= RECORDS PROVIDED =
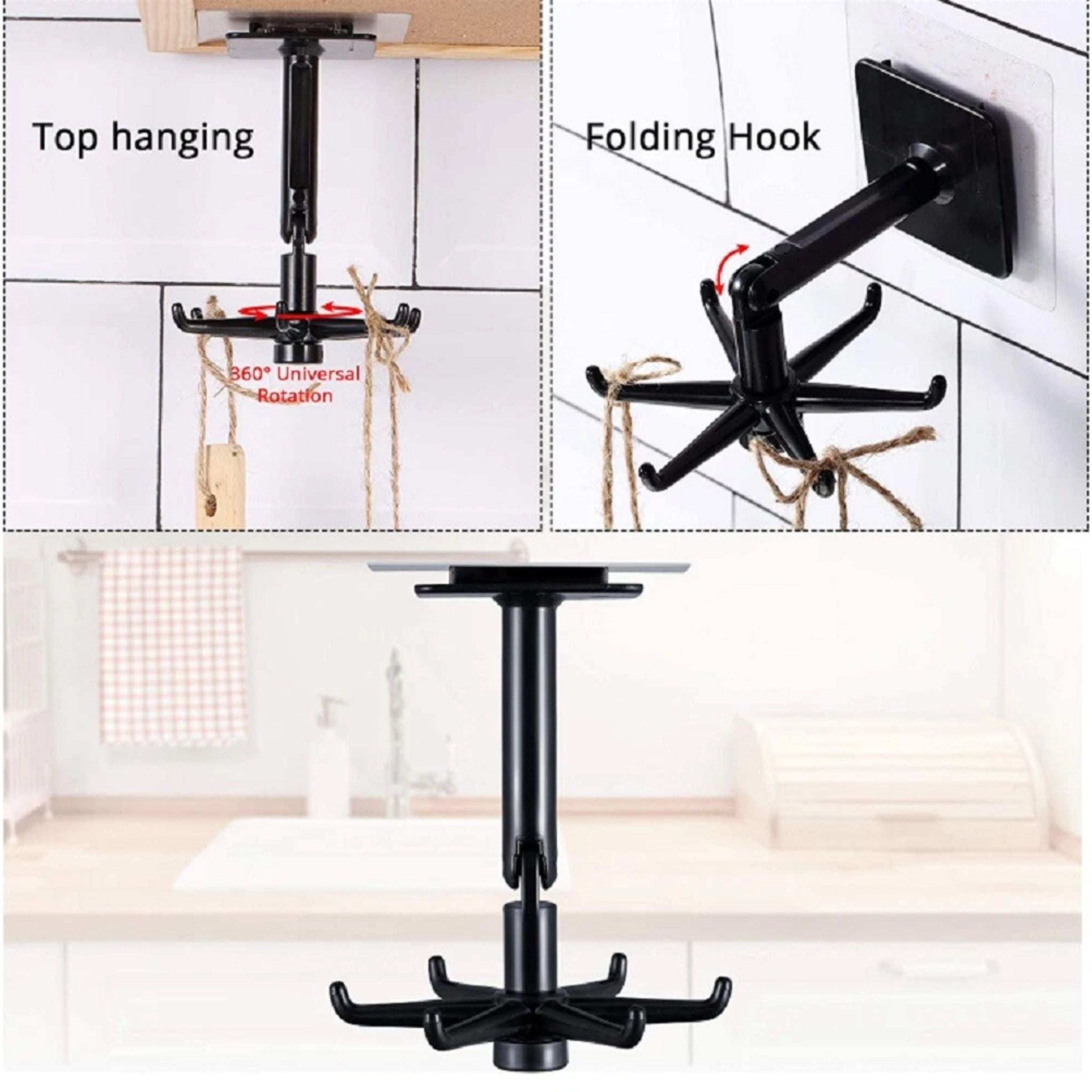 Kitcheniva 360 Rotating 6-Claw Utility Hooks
--
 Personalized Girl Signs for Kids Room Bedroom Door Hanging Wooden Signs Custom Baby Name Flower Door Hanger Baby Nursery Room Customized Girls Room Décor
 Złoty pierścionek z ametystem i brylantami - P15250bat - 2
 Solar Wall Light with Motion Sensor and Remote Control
--
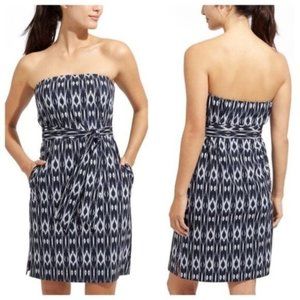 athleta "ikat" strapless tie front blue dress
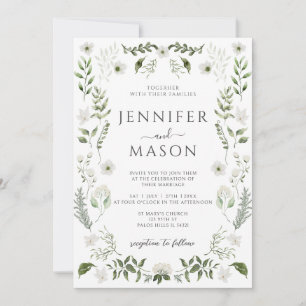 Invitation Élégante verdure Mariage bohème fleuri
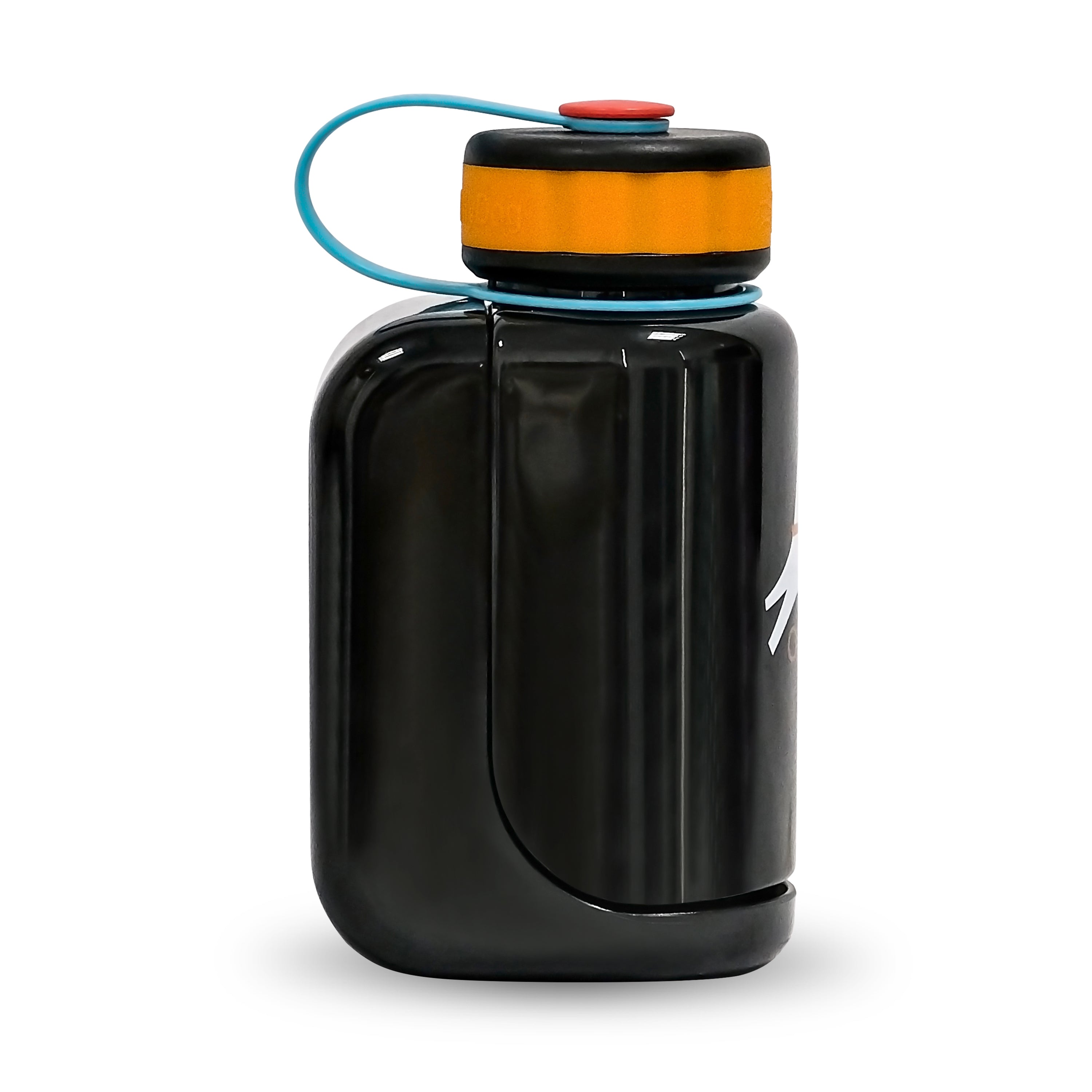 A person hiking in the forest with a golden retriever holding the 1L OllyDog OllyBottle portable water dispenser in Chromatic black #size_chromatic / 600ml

= WHAT IS EXPECTED =
The lines above, starting at the one with "Personalized Girl Signs" and ending at the one with "Solar Wall Light", are the only ones to return, exactly as written.

= TASK OUTPUT =
 Personalized Girl Signs for Kids Room Bedroom Door Hanging Wooden Signs Custom Baby Name Flower Door Hanger Baby Nursery Room Customized Girls Room Décor
 Złoty pierścionek z ametystem i brylantami - P15250bat - 2
 Solar Wall Light with Motion Sensor and Remote Control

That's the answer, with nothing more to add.